Richter proceeded in a similar way with family photographs dating from the Nazi era.

Gerhard Richter's key work: the "Atlas" cycle, here as a show in the Munich Kunstbau (2013).

© Marcus sleep

This oscillation between naming, obscuring and generalizing is most evident in the cycle “18.

October 1977”, written ten years after the death of the first RAF group.

And indeed, for young people, "Baader-Meinhof" is often just a glimpse of history from the old Federal Republic, but Richter's "Hanged Man" or "Shot Man" retain timeless validity.

He had to fail – and he probably always knew that – when he attempted to artistically confront the Nazi industrial genocide.

Again and again Richter had dealt with photographs from the concentration camps - also in the commissioned work for the Reichstag.

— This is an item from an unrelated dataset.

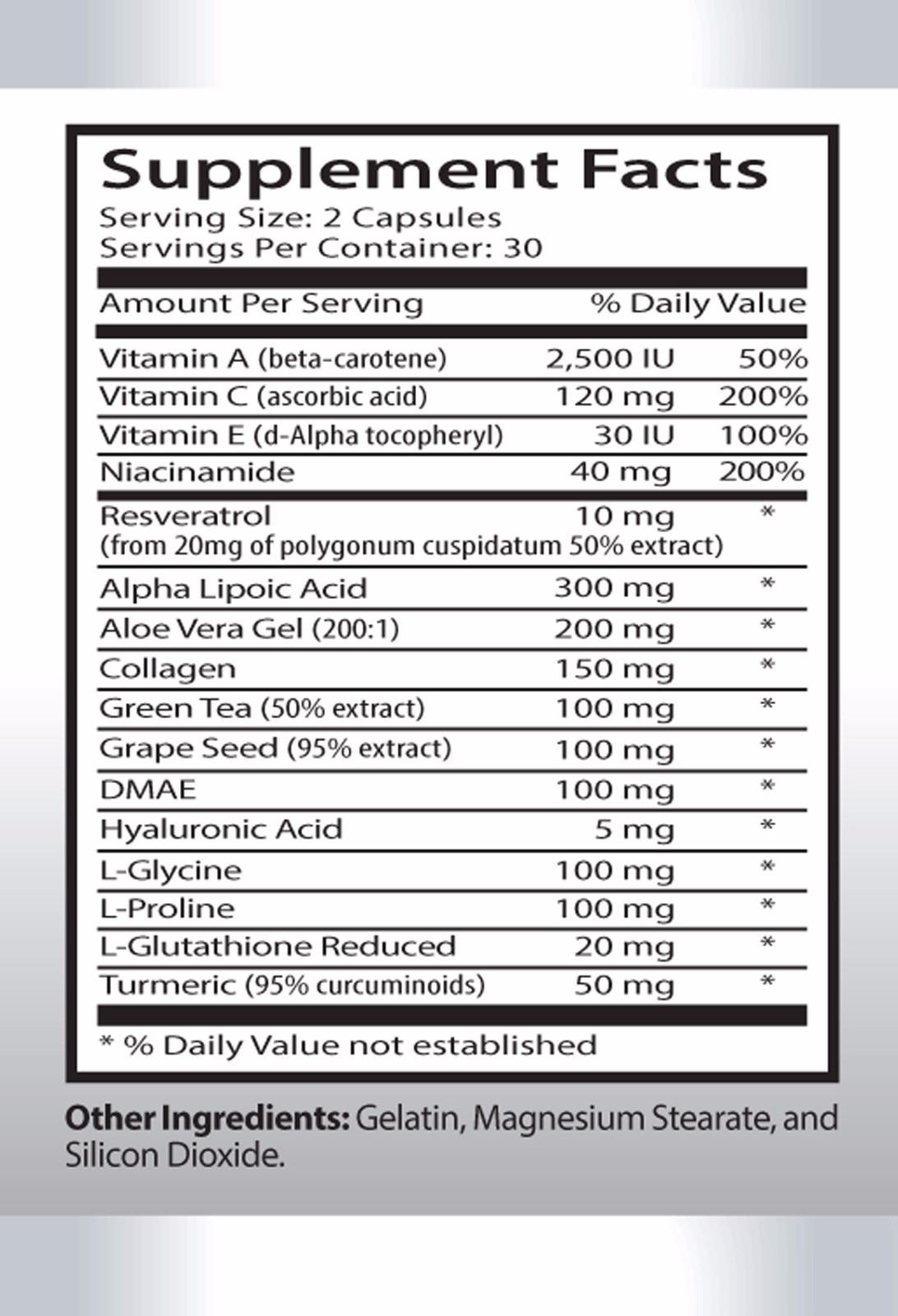 Parasite and candida cleanse – ANTI WRINKLE – ANTI PARASITE 2B COMBO – grapeseed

There he opted for the 20 meter high reflective colored glass surfaces “Black, Red, Gold”.

Nevertheless, the concentration camp motif would not let go of him.

Nothing recognizable developed from the struggle, but rather abstract painting, laborious colors in many layers.

The photos of them, which are the same size, are more honest and truthful than the “Birkenau” paintings (2014): they stand for the (must) fail in the face of the outrageous crime and the unbelievable suffering.

There are only pictures of pictures of pictures that make you inconsolable.

All important museums have “their” Gerhard Richter

All important museums have “their” judges, including the Bavarian State Painting Collections and the Lenbachhaus.

It even has "Atlas", Richter's key work to his oeuvre.

In addition to other concentration camp photos, the concentration camp crematorium photos that drove Richter to “Birkenau” can be found here.

He had been collecting working materials since the mid-1960s, mostly photos and sketches.

Shortly before the Wall was built in 1961, he fled to the West and found exactly the right environment at the Düsseldorf Art Academy to develop freely – without adapting.

From 1969 onwards, the doubter and reflective man systematically arranged “Atlas” into uniform (now more than 800) picture panels, the work became an archive and art installation in one.

It contains the maps of Richter's work - even with the pictures that are often used for postcards.

Source: merkur

All life articles on 2022-02-08

Similar news:

You may like

Trends 24h

Latest

© Communities 2019 - Privacy

The information on this site is from external sources that are not under our control.
The inclusion of any links does not necessarily imply a recommendation or endorse the views expressed within them.